Brief descriptive captions:

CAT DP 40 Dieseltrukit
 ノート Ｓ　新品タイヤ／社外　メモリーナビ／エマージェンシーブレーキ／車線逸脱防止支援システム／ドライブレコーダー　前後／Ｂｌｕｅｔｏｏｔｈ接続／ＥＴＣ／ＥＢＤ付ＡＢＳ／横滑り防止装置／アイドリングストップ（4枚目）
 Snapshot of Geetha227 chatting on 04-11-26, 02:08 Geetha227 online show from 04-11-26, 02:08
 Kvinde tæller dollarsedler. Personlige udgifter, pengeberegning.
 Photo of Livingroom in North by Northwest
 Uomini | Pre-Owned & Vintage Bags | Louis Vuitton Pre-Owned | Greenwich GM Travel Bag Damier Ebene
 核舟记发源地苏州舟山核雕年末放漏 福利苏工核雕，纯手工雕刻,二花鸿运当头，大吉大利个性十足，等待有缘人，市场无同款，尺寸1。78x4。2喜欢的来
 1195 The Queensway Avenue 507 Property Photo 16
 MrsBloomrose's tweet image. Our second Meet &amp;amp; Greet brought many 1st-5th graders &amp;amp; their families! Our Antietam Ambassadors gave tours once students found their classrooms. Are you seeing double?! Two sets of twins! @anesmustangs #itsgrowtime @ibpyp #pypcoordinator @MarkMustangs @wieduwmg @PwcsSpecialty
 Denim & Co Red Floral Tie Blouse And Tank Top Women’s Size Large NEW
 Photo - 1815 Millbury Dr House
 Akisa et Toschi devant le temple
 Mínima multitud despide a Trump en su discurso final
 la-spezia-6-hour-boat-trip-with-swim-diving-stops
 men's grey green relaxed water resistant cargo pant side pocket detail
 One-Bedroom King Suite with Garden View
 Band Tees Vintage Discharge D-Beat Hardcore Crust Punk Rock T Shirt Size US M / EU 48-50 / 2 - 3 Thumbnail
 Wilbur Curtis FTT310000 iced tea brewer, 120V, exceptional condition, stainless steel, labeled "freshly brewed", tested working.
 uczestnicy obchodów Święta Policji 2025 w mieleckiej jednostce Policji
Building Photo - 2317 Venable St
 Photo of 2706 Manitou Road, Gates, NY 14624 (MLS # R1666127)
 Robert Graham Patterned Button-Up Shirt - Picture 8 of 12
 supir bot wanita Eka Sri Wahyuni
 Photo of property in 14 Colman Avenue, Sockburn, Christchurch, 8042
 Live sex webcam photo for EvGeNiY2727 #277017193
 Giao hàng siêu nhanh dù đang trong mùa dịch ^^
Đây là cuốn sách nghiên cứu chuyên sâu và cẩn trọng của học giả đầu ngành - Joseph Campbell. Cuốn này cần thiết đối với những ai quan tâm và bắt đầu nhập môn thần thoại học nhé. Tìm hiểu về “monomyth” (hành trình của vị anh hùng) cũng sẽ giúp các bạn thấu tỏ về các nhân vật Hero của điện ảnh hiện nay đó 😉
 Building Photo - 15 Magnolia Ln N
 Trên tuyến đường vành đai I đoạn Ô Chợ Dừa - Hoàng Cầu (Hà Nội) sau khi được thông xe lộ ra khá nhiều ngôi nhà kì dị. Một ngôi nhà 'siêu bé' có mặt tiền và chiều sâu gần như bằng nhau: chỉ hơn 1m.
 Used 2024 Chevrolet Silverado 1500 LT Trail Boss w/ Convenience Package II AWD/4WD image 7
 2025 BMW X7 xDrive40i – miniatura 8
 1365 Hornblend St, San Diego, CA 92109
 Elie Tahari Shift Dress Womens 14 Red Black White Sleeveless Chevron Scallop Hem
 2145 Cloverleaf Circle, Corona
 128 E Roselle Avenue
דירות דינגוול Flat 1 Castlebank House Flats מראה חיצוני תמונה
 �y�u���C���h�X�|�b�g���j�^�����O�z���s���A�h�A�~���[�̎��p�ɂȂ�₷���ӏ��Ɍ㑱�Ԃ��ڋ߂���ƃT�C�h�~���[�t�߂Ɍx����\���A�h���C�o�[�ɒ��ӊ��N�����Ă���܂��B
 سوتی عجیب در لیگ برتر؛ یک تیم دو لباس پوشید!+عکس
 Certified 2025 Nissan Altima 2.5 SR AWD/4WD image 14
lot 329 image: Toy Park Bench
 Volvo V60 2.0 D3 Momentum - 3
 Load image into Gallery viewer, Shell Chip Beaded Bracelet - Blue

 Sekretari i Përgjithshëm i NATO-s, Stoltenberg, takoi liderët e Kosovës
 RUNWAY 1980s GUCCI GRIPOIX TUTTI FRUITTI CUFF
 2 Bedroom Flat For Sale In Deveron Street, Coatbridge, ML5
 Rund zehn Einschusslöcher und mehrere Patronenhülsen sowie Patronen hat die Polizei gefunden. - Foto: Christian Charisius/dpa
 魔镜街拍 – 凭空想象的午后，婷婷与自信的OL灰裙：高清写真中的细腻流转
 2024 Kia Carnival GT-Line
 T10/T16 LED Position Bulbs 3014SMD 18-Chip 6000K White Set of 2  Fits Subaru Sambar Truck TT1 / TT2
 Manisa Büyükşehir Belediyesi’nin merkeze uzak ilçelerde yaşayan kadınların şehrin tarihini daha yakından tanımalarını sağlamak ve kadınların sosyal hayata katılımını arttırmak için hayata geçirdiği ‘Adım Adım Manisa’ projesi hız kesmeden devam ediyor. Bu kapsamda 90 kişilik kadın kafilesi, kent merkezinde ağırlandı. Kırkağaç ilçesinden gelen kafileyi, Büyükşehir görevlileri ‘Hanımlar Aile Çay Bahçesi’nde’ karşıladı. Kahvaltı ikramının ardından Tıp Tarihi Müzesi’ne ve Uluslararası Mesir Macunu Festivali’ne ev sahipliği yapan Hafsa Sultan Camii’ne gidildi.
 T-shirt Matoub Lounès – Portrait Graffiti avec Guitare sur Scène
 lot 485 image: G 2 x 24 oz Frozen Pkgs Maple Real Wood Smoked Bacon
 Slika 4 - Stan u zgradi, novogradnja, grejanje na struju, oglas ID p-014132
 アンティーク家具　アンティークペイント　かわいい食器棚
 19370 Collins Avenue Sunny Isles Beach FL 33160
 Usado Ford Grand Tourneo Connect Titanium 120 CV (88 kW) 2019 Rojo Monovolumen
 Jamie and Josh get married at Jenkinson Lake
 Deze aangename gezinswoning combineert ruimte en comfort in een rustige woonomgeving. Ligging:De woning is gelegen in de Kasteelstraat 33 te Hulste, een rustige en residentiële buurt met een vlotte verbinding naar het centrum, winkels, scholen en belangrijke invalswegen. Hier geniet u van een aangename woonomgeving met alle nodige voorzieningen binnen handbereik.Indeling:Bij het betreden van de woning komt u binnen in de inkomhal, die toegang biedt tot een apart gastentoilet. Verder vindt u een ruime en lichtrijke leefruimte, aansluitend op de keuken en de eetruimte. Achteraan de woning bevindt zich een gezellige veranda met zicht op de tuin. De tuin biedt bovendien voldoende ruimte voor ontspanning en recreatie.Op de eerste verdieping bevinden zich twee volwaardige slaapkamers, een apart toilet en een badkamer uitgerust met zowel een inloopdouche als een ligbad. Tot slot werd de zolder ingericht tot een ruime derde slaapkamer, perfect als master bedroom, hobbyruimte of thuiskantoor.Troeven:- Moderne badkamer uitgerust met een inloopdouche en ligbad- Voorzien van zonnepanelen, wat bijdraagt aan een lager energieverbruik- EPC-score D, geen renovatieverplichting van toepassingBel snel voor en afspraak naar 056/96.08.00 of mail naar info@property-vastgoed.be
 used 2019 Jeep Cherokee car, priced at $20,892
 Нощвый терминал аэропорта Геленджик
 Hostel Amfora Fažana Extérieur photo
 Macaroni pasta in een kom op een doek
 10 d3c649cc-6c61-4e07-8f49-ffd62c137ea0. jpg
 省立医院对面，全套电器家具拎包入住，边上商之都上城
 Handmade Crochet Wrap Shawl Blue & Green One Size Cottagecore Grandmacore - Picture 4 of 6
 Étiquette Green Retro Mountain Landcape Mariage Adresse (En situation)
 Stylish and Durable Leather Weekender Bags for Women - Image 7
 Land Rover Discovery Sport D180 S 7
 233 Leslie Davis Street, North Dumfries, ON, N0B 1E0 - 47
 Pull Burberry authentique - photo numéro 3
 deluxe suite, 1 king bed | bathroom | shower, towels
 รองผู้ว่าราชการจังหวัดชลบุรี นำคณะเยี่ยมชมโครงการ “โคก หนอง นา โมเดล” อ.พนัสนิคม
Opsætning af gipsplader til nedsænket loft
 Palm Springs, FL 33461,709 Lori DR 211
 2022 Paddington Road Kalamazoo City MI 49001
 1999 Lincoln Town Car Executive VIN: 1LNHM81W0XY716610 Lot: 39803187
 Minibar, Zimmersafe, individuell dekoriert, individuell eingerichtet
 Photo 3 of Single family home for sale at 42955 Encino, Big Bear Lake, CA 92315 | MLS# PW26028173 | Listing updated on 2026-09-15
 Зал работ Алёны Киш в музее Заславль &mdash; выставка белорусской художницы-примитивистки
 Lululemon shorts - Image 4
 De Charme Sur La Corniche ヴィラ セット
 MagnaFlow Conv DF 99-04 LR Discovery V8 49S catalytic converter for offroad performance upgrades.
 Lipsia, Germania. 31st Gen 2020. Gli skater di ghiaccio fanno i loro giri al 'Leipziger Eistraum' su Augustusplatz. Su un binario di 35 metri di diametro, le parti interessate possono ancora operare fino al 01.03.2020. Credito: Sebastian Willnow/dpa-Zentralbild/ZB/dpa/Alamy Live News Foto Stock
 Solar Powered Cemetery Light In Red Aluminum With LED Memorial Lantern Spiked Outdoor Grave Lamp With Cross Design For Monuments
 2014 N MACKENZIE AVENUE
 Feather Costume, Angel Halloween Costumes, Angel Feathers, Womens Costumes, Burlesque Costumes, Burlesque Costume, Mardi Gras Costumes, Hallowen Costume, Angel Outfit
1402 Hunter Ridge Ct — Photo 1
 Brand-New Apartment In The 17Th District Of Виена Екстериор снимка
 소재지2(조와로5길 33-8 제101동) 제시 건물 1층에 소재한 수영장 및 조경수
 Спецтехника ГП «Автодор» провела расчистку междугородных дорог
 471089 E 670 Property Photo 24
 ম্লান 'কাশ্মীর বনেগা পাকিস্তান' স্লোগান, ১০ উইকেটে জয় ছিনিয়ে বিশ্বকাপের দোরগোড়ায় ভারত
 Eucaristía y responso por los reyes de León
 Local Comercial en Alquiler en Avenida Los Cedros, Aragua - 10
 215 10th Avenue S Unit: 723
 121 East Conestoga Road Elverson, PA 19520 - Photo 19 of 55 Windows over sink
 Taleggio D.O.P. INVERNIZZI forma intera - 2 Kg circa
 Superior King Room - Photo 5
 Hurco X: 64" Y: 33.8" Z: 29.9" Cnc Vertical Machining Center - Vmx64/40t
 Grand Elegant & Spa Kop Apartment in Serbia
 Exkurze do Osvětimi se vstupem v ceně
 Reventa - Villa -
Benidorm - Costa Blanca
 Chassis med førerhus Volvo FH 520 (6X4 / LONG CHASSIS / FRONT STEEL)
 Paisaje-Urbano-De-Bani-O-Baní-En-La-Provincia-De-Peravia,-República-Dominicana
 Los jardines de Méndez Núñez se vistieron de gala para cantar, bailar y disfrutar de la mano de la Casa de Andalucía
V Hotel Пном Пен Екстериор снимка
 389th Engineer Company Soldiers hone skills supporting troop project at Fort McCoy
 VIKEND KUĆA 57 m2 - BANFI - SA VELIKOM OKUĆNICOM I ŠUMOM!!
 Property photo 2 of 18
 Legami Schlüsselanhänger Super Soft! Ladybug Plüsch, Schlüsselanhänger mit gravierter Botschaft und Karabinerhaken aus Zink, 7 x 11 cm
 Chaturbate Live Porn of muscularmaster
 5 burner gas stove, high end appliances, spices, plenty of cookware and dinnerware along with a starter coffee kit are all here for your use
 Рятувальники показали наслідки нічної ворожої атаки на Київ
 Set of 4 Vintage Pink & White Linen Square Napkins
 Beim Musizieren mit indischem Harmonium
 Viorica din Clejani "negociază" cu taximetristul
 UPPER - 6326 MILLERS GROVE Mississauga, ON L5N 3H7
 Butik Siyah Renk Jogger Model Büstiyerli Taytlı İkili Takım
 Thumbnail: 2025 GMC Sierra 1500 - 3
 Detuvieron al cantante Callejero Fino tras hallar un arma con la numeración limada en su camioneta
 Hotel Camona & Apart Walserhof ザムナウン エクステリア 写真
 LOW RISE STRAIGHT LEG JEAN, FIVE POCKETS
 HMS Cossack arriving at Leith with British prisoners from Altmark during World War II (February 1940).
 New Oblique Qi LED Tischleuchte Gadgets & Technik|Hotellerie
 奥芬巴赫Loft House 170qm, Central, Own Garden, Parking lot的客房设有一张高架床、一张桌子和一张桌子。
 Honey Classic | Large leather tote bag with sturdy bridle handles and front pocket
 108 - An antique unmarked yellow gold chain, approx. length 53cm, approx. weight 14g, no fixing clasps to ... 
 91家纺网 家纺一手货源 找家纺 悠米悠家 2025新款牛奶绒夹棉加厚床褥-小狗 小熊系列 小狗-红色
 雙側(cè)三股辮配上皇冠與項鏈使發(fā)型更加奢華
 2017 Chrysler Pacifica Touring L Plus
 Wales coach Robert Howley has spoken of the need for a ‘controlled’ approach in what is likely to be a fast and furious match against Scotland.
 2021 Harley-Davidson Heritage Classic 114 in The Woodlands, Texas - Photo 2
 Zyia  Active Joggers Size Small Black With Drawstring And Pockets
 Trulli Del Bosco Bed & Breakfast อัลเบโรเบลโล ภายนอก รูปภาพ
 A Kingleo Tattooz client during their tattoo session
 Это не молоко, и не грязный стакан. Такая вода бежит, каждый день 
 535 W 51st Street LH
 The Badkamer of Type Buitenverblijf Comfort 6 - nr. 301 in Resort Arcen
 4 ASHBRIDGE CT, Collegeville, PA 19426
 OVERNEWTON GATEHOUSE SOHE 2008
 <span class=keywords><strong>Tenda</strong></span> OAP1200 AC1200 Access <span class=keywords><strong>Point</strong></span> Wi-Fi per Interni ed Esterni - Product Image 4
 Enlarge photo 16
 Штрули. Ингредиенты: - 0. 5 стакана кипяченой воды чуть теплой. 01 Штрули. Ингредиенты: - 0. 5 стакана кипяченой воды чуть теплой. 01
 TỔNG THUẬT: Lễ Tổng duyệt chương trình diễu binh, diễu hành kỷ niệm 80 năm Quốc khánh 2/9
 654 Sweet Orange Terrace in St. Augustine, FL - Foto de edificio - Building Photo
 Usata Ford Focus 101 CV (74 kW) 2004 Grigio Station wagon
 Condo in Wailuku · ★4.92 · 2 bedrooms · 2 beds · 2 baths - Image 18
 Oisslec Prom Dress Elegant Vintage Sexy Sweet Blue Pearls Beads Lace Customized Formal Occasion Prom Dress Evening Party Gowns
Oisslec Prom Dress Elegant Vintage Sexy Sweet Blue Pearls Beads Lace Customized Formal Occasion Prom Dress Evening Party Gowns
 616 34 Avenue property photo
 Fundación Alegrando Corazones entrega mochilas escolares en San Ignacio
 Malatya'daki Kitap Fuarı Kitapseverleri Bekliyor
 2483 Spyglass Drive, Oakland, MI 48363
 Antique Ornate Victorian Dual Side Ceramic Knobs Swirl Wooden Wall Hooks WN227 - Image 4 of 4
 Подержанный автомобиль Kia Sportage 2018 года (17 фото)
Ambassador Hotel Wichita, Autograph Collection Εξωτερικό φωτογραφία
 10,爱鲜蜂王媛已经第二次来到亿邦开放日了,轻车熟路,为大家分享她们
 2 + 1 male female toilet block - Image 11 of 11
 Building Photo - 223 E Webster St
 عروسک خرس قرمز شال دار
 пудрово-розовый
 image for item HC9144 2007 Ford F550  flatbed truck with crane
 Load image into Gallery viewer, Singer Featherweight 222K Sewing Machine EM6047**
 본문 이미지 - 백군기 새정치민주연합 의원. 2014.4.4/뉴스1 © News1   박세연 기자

§ **What is expected**: Set down only the lines above that fall between the line holding "Volvo V60 2.0 D3 Momentum - 3" and the line holding "2 Bedroom Flat", inclusive, keeping each exact.

§ **Response**:
 Volvo V60 2.0 D3 Momentum - 3
 Load image into Gallery viewer, Shell Chip Beaded Bracelet - Blue

 Sekretari i Përgjithshëm i NATO-s, Stoltenberg, takoi liderët e Kosovës
 RUNWAY 1980s GUCCI GRIPOIX TUTTI FRUITTI CUFF
 2 Bedroom Flat For Sale In Deveron Street, Coatbridge, ML5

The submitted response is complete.